无极殿,帝九天的书房中,白鹤衔珠的香炉之中淡紫色的香雾袅袅升腾,圆形的聚灵阵中浮动着一串满是裂纹的手串吐纳吸食着半空中的淡紫色香雾,帝九天端坐书桌前眼神空洞地对着皎皎疗伤期间睡过的软榻,那里轻薄保暖的软被掀开一角,长形睡枕的中央还下陷着一块,床头木几上,盛着莲池水的青色花瓶中桃花依旧绽放如初,花瓶的旁边放置着已经干瘪的水果和一碗结界密封着热气腾腾的粥碗,那里的一切还是皎皎离开时的样子。
帝九天耳边还在回荡着天后那句刺痛心脏的话,“那只是因为他是你的儿子!”只因为是那个人的儿子,所以一位母亲就可以对自己的亲生儿子视而不见甚至心存怨恨?明明自己也是她的儿子。
帝九天此刻已经迷茫了,无数次的问自己,究竟“情”为何物?为何折磨着自己的父帝和母后还有他们身边的人?而自己自认为的“情”却深深伤害了那个无论自己是喜是忧都小心翼翼陪在自己身旁的小丫头,难道所谓的“情”就是伤害吗?
帝九天颓废的低垂下了头,对于“情”的认知竟让他如此痛苦,“皎皎,我怎么就把你弄丢了呢?”
就在这时,帝九天颓然的身子突然紧绷着,那双垂着的修长有力的大掌手背之上青筋突兀地鼓起,他十指弯曲成钩撕扯着自己胸前的衣襟同时弓着身子滚倒在软榻上,而那原本白皙的绝世容颜已经涨得通红,额头和帝九天由于强忍着仰着头的颈部之上更是清晰可见爆凸的血管。
帝九天只觉得自己浑身的每一块肌肉和骨头,自己的心脏和大脑,经络和灵魂都在撕扯,都在如同此刻的血液沸腾着灼烧着,强悍如帝九天,即便是在晋级圣阶重塑肉身时也应对自如的自己,此刻却无法忍受的呻吟出声。
无极殿若婉的寝室中,若婉床头的小几上放置着白雾蒙蒙的一个水晶球突然裂开了一道直达球顶的裂纹,细看之下,水晶球的底部已经布满了长短不一细小的裂纹。
窗边软榻之上正在闭目调息的若婉突然睁开那双迷人的眼眸,看向床头的方向,嘴角温柔的勾起一个诡异的弧度,声音空灵而婉转动人,“终于要开始了吗?沧哥,你再等等我,为你报了仇我们就能相见了。
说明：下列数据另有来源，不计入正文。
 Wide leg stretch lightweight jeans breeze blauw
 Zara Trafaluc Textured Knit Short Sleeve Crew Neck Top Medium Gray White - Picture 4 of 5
”
帝九天最终被这突如其来的疼痛击垮晕了过去。
无边无际的白雾中,帝九天徘徊其中不知去向,遥远的天际似有沉闷的钟声传来,帝九天向着钟声传来的方向走去,可是帝九天觉得自己是在追逐振翅远航的白鹤,永远无法企及。
帝九天停下了探索的脚步,开始自省己身,自己为什么会出现在这里?而来到这里的目的又是什么?帝九天绝世的容颜上第一次出现迷茫的神色。
帝九天感受着迷雾的冰冷,这些流动的迷雾可柔软流动又无坚不摧,没有了方向,帝九天索性席地而坐闭目养神,历经几千年的岁月沉沦让帝九天明白,所有的偶然都有它存在的意义。
静坐中的帝九天慢慢感受到了大海的气息,舒适的海面无风无浪透彻的如同一面明镜,这里仿佛自己的内心,心如止水。随后闭目的帝九天微微蹙眉,在那深海之中的暗涌又是怎么回事?
随后帝九天又来到了一片怪异的树林,这里结实有力的树枝没有一片叶子却垂挂着朵朵含苞未放的多彩花苞。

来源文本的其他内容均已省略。